Manually navigating to some categories of data can be time-consuming, especially when dealing with a large dataset. The data acquisition filter enables the user to filter data samples based on some criteria of choice. This can be based on:
Label - class to which a sample represents.
Sample name - unique ID representing a sample.
Signature validity
Enabled and disabled samples
Length of sample - duration of a sample.
The filtered samples can then be manipulated by editing labels, deleting, and moving from the training set to the testing set (and vice versa), a shown in the image above.
The data manipulations above can also be applied at the data sample level by simply navigating to the individual data sample by clicking on "⋮" and selecting the type of action you might want to perform on the specific sample. This might be renaming, editing its label, disabling, cropping, splitting, downloading, and even deleting the sample when desired.
Single label
Multi-label
See Data Acquisition -> Multi-label -> Edit multi-label samples for more information.
To crop a data sample, go to the sample you want to crop and click ⋮, then select Crop sample. You can specify a length, or drag the handles to resize the window, then move the window around to make your selection.
Made a wrong crop? No problem, just click Crop sample again and you can move your selection around. To undo the crop, just set the sample length to a high number, and the whole sample will be selected again.
Besides cropping you can also split data automatically. Here you can perform one motion repeatedly, or say a keyword over and over again, and the events are detected and can be stored as individual samples. This makes it easy to very quickly build a high-quality dataset of discrete events. To do so head to Data Acquisition, record some new data, click, and select Split sample. You can set the window length, and all events are automatically detected. If you're splitting audio data you can also listen to events by clicking on the window, the audio player is automatically populated with that specific split.
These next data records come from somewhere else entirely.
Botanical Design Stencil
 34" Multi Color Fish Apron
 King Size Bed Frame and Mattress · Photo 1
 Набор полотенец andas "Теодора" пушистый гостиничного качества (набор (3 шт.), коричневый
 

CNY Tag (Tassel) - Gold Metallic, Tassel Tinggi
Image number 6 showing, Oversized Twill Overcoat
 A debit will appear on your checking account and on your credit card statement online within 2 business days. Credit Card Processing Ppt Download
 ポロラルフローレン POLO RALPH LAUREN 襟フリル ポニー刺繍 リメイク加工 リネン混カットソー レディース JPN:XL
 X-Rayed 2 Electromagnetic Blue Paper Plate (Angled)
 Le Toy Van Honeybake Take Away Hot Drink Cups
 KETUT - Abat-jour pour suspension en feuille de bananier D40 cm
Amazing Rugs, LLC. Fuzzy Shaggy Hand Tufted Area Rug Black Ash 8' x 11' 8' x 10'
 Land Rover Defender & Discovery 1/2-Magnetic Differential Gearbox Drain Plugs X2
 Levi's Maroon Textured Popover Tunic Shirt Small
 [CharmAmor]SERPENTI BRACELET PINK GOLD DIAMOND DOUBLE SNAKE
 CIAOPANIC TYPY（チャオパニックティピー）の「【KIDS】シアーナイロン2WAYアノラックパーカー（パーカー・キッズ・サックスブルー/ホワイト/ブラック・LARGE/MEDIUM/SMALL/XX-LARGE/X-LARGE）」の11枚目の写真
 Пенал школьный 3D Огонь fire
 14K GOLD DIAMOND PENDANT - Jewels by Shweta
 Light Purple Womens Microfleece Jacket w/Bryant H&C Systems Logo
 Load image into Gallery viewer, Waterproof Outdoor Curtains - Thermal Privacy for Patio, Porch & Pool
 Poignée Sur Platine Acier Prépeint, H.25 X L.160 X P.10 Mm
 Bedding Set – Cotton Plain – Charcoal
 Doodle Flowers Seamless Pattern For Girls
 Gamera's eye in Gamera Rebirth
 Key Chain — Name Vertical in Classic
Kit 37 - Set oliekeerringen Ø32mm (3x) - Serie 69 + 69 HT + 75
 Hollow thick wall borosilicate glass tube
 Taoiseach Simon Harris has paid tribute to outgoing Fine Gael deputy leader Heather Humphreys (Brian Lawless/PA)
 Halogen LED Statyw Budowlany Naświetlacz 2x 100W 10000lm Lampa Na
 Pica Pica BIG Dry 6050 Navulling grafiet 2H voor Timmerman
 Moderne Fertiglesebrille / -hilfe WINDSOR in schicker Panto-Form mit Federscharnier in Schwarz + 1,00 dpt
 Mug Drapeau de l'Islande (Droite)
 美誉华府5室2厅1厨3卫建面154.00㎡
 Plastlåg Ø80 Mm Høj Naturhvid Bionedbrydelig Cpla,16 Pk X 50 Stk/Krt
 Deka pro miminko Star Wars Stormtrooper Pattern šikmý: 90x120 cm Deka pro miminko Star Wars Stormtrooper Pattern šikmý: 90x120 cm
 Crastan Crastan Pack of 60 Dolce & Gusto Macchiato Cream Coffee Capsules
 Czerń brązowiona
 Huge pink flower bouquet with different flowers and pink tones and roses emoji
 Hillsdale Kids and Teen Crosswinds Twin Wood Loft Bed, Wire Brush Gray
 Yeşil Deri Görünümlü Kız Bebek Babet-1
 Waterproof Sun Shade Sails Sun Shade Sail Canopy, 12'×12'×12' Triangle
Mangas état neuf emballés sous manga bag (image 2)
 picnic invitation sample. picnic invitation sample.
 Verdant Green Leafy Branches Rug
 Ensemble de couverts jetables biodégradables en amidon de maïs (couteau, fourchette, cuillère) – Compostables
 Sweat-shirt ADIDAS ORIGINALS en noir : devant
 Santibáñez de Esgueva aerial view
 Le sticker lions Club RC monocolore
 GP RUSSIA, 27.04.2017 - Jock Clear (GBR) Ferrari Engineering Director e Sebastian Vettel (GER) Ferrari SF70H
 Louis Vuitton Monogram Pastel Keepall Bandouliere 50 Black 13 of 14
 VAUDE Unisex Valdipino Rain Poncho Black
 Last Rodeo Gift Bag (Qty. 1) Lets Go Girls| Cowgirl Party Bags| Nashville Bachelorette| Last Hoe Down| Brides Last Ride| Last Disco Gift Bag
Samples are automatically centered in the window, which might lead to problems on some models (the neural network could learn a shortcut where data in the middle of the window is always associated with a certain label), so you can select "Shift samples" to automatically move the data a little bit around.
Splitting data is - like cropping data - non-destructive. If you're not happy with a split just click Crop sample and you can move the selection around easily.
The labeling queue and the auto-labeler will only appear on your data acquisition page if you are dealing with object detection tasks.
If you are not dealing with an object detection task, you can simply change the Labeling method configuration by going to Dashboard > Project info > Labeling method and clicking the dropdown and selecting "one label per data item" as shown in the image below.
Also, see our Label image data using GPT-4o tutorial to see how to leverage the power of LLMs to automatically label your data samples based on simple prompts.
You can change the default view (list) to a grid view to quickly overview your datasets by clicking on the icon.